**WHAT YOU HAVE TO DO**
These records contain pictures, which must be left out; copy exactly the lines from the one with "Yerba Prima Psyllium" up to and including the one with "Hot Trends Deep".

**EXTRACTED DATA**
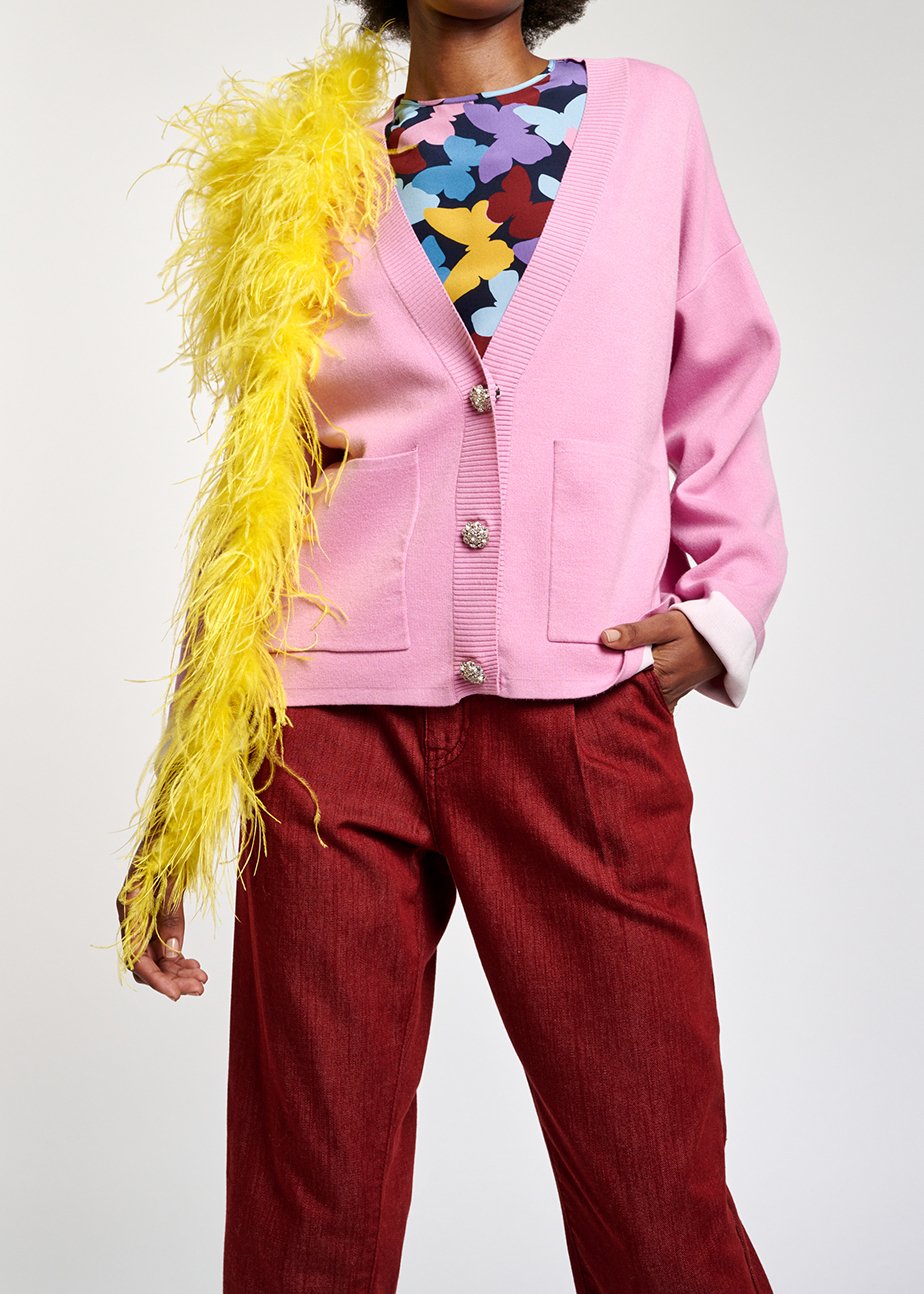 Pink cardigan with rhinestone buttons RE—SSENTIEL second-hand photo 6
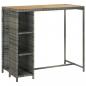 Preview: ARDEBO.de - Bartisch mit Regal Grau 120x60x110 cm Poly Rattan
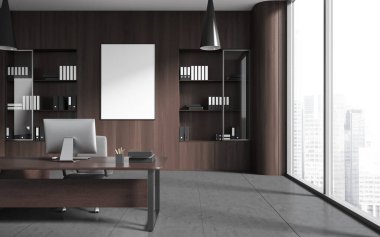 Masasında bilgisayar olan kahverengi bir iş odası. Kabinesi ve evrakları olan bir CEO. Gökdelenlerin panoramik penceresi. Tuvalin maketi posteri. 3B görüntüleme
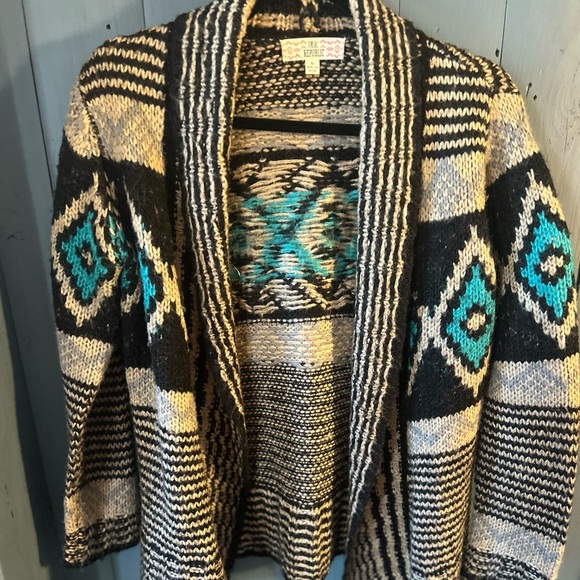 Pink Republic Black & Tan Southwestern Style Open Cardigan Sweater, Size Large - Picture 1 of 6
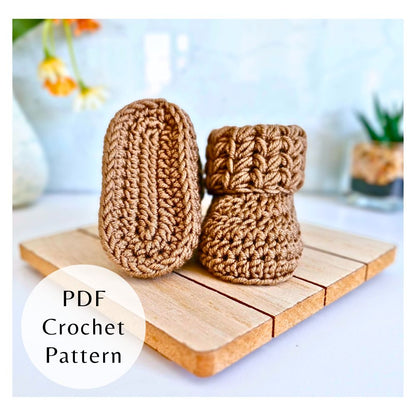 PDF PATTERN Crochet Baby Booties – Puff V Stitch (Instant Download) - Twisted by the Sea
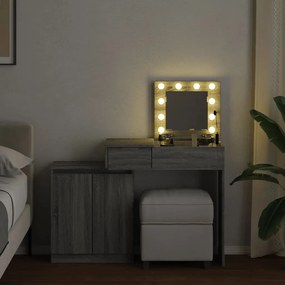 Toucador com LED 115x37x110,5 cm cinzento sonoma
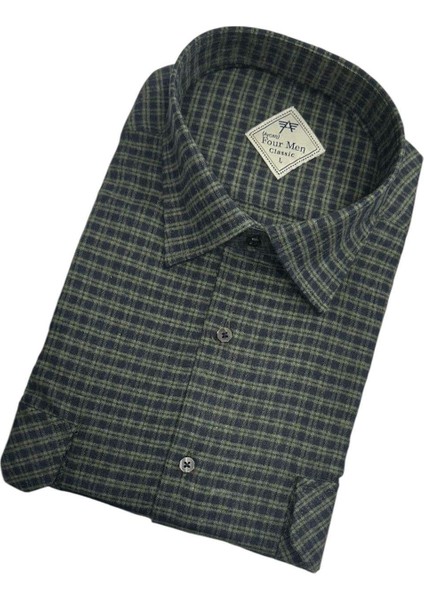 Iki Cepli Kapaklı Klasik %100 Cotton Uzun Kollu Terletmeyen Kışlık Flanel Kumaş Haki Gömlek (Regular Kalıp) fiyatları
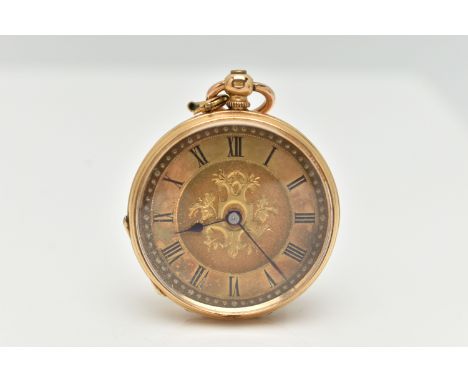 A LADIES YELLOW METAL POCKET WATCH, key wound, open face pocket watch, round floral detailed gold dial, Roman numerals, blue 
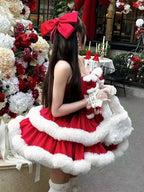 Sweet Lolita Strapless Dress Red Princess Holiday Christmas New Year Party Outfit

...

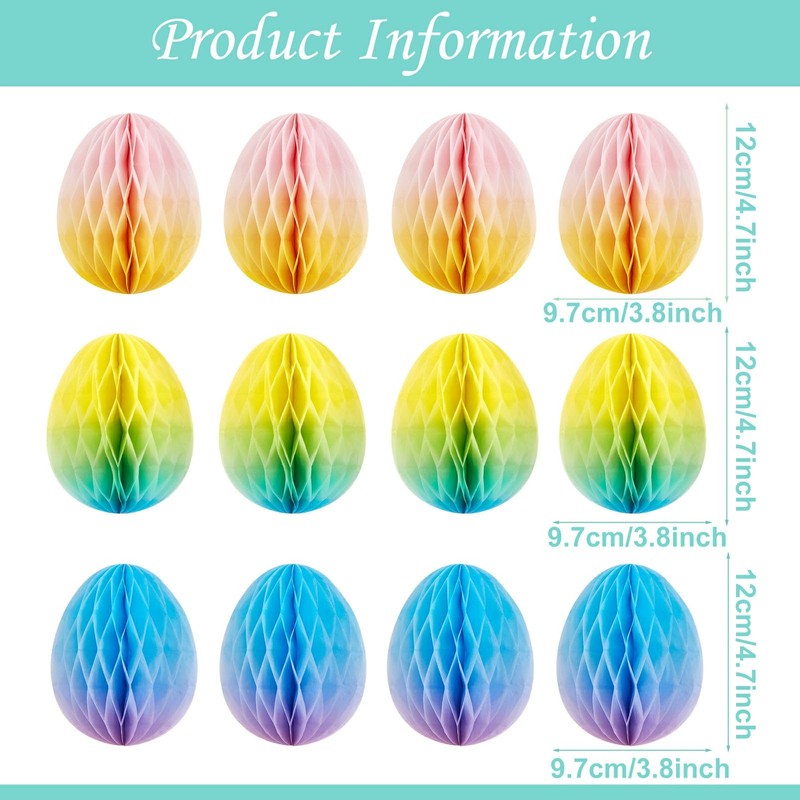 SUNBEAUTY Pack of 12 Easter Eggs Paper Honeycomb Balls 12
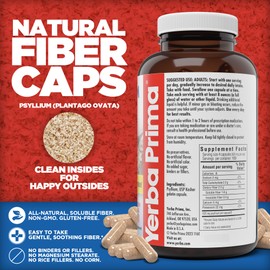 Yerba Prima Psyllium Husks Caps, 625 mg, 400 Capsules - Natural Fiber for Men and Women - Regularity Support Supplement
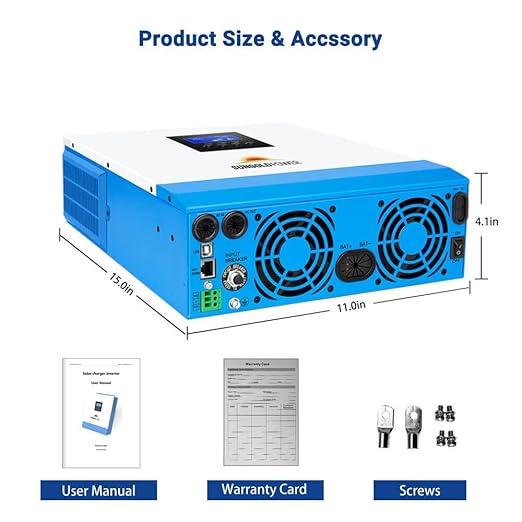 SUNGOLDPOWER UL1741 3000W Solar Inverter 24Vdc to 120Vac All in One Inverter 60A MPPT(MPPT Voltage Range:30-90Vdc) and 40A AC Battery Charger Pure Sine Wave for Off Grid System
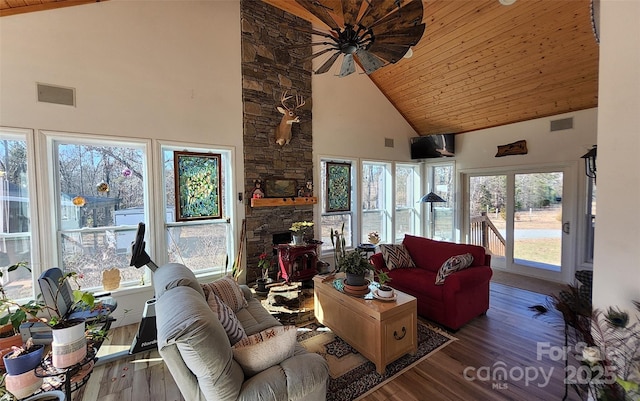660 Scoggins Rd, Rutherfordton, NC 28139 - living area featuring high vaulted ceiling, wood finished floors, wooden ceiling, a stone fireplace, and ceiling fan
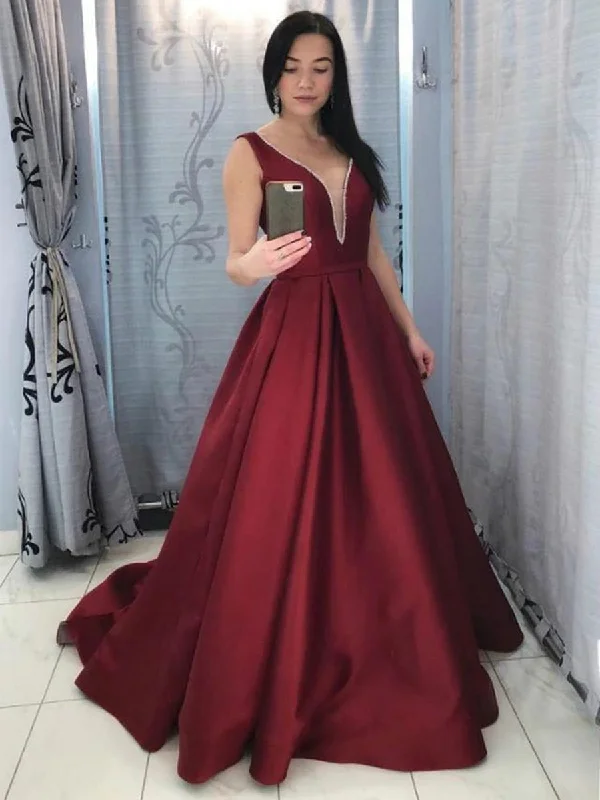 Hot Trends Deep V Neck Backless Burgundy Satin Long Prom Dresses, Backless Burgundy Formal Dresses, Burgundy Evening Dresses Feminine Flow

---

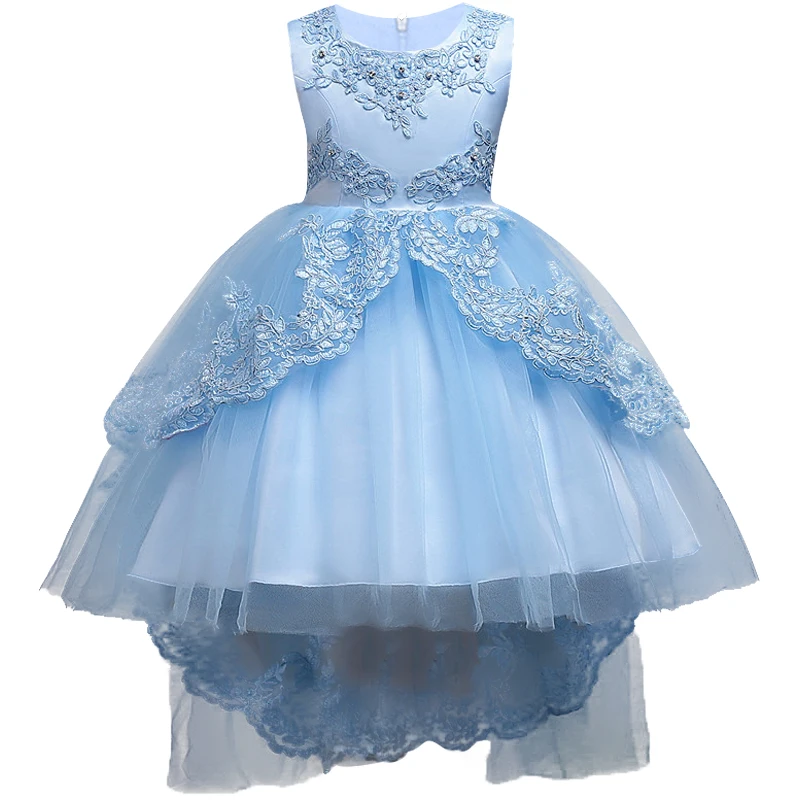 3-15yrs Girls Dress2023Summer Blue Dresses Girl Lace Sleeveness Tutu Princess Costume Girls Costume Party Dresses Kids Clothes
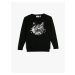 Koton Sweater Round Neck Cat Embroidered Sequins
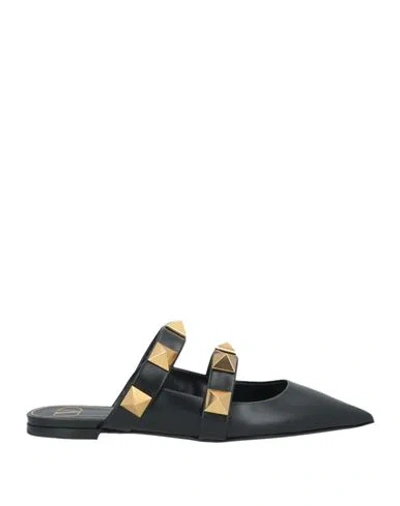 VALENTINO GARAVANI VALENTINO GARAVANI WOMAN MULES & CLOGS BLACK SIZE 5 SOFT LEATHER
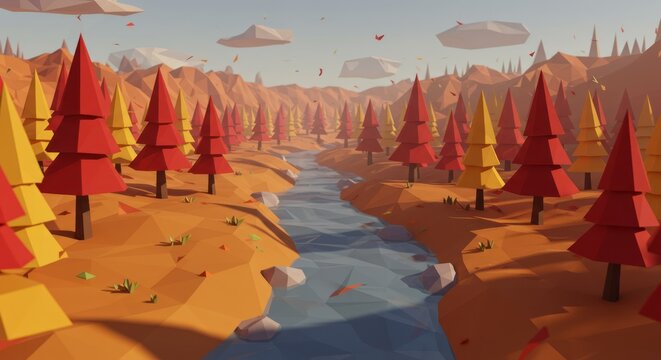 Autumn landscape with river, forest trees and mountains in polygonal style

**THE COMPLETED TASK**
 Yerba Prima Psyllium Husks Caps, 625 mg, 400 Capsules - Natural Fiber for Men and Women - Regularity Support Supplement
 SUNGOLDPOWER UL1741 3000W Solar Inverter 24Vdc to 120Vac All in One Inverter 60A MPPT(MPPT Voltage Range:30-90Vdc) and 40A AC Battery Charger Pure Sine Wave for Off Grid System
660 Scoggins Rd, Rutherfordton, NC 28139 - living area featuring high vaulted ceiling, wood finished floors, wooden ceiling, a stone fireplace, and ceiling fan
 Hot Trends Deep V Neck Backless Burgundy Satin Long Prom Dresses, Backless Burgundy Formal Dresses, Burgundy Evening Dresses Feminine Flow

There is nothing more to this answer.